Exercise brief: Starting at the line containing "Réfrigérateur 3 portes" and ending at the line containing "Laptop Bag Protective", print every line of the material below exactly, both ends included, and stop there.

Data under study:

● ● ● ● ●

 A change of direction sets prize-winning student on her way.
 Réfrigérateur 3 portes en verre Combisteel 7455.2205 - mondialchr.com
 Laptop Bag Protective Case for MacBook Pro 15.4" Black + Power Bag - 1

● ● ● ● ●

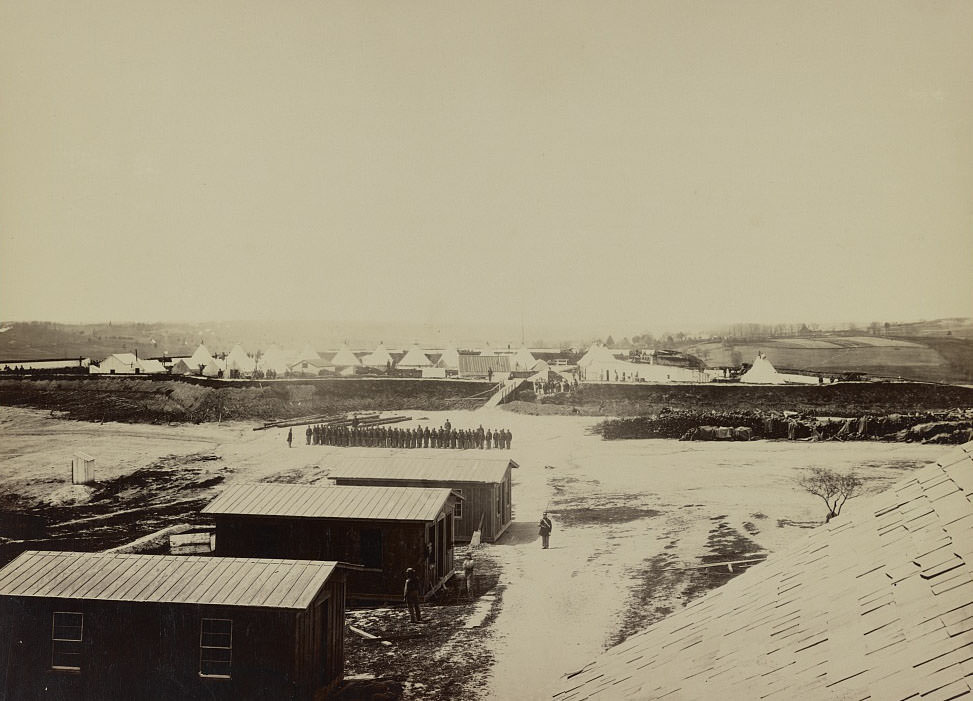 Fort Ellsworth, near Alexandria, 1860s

● ● ● ● ●

Reply:
 Réfrigérateur 3 portes en verre Combisteel 7455.2205 - mondialchr.com
 Laptop Bag Protective Case for MacBook Pro 15.4" Black + Power Bag - 1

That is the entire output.